§ PROVIDED MATERIAL:
◆ ◆ ◆ ◆ ◆ ◆ ◆

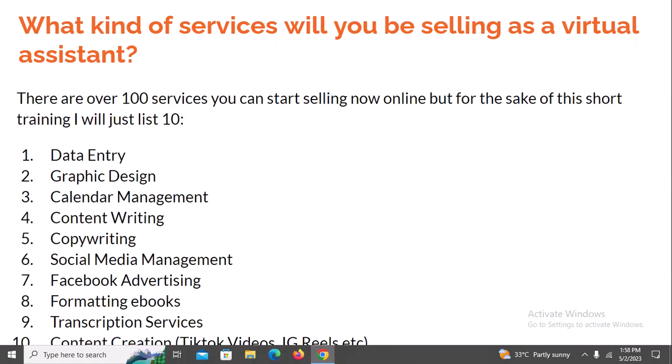What kind of services will you be selling as a virtual assistant? There are over 100 services you can start selling almost immediately online, but for the sake of this short training I'll list ten of them. Number one is data entry — you could help business owners input and translate data. Number two is graphic design — designing logos, flyers, or banners for companies. Number three is calendar management — you could manage the calendar of a top business executive who is short on time.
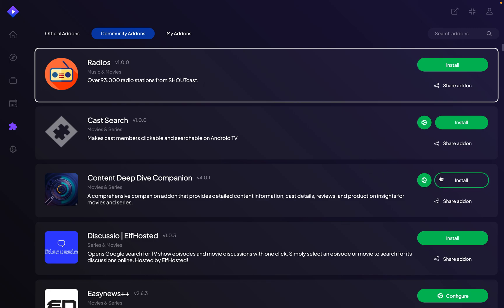However, if you're using Stremio on TV via casting, then you have to install Stremio on your phone and tablet. Then you have to add your desired add-ons in the Stremio app on your phone or iPad.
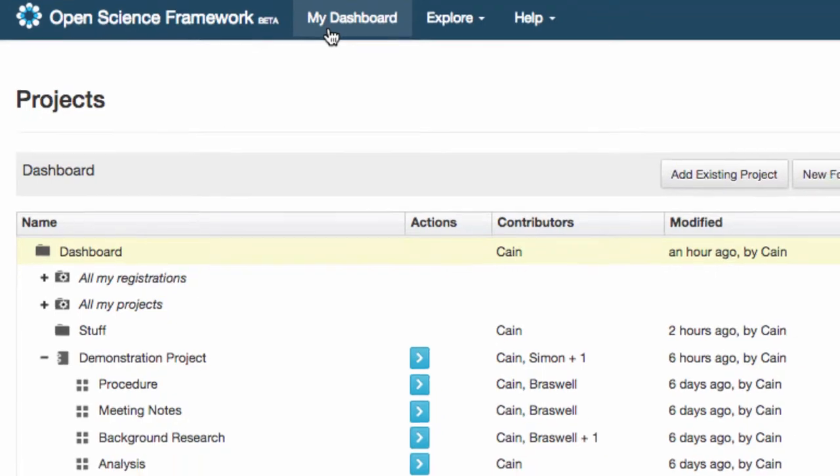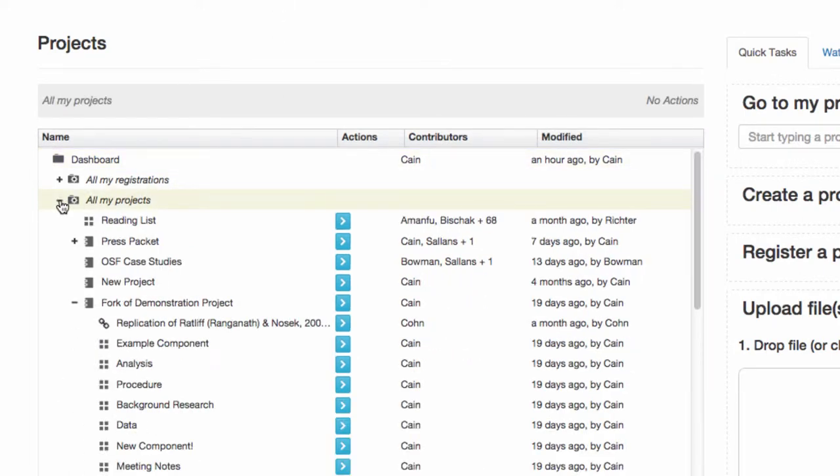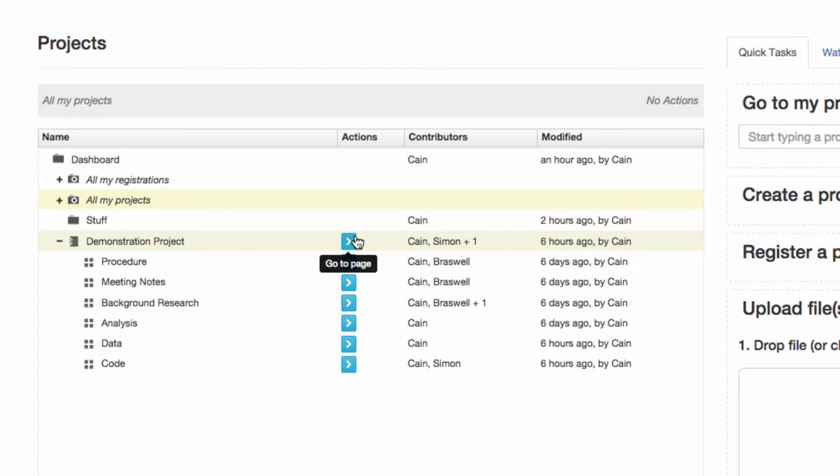The Project Organizer gives you access to any of your projects or components. It is simple to navigate. Use the plus button to shrink or expand any folder to reveal its nested components. Then you can navigate to a project or component with the blue arrow.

◆ ◆ ◆ ◆ ◆ ◆ ◆

§ EXERCISE PROMPT:
Return only the lines from the start of the data through the line that contains "However, if you're", please, copying them exactly and omitting all pictures.

§ WRITTEN RESPONSE:
What kind of services will you be selling as a virtual assistant? There are over 100 services you can start selling almost immediately online, but for the sake of this short training I'll list ten of them. Number one is data entry — you could help business owners input and translate data. Number two is graphic design — designing logos, flyers, or banners for companies. Number three is calendar management — you could manage the calendar of a top business executive who is short on time.
However, if you're using Stremio on TV via casting, then you have to install Stremio on your phone and tablet. Then you have to add your desired add-ons in the Stremio app on your phone or iPad.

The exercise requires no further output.